*PROMPT*: The answer should consist of each line below that contains the word "Black".
+++
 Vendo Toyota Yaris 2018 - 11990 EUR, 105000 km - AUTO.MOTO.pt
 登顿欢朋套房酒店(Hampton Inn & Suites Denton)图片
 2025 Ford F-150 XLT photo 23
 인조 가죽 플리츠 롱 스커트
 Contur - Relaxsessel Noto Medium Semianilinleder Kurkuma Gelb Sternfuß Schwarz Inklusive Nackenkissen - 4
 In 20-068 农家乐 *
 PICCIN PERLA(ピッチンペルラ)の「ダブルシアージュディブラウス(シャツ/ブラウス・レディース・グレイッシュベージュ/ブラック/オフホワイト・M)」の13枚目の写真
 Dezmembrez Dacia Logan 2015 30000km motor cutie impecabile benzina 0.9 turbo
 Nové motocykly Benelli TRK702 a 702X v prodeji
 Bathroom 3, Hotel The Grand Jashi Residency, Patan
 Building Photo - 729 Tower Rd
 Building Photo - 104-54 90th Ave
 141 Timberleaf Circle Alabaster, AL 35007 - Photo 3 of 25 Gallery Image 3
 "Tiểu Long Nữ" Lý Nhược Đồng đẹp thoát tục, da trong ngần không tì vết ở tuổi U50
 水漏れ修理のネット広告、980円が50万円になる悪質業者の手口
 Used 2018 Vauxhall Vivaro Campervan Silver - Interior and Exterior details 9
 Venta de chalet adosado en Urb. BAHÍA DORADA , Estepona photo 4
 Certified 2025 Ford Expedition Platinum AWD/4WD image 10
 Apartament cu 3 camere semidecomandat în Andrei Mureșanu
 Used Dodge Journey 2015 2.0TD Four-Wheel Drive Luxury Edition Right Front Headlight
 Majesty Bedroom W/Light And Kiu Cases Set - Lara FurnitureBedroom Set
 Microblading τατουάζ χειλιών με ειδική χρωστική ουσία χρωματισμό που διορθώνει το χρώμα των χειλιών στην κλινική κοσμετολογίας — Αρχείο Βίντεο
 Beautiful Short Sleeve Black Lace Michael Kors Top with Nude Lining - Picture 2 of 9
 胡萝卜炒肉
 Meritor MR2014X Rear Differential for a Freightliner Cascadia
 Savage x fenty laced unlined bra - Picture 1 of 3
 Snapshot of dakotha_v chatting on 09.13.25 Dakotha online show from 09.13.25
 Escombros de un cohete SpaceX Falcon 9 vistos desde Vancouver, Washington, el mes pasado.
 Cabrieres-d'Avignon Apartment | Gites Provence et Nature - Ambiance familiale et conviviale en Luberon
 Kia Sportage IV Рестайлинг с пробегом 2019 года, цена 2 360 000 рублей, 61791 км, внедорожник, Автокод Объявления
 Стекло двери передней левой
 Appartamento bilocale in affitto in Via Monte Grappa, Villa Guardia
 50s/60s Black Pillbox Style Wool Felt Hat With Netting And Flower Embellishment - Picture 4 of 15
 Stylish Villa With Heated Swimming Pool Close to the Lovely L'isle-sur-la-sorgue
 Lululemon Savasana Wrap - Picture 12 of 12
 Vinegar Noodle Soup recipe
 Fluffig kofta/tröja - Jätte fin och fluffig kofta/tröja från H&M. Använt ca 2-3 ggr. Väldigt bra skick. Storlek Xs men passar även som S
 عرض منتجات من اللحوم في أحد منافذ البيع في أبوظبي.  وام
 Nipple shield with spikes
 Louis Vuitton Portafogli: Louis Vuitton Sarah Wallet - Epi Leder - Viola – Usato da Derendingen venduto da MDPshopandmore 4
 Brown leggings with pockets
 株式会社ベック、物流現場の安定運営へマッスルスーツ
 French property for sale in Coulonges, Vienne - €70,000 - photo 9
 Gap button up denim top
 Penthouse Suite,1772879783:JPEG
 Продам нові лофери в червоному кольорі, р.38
+++
*OUTPUT OF THE EXERCISE*:
 Beautiful Short Sleeve Black Lace Michael Kors Top with Nude Lining - Picture 2 of 9
 50s/60s Black Pillbox Style Wool Felt Hat With Netting And Flower Embellishment - Picture 4 of 15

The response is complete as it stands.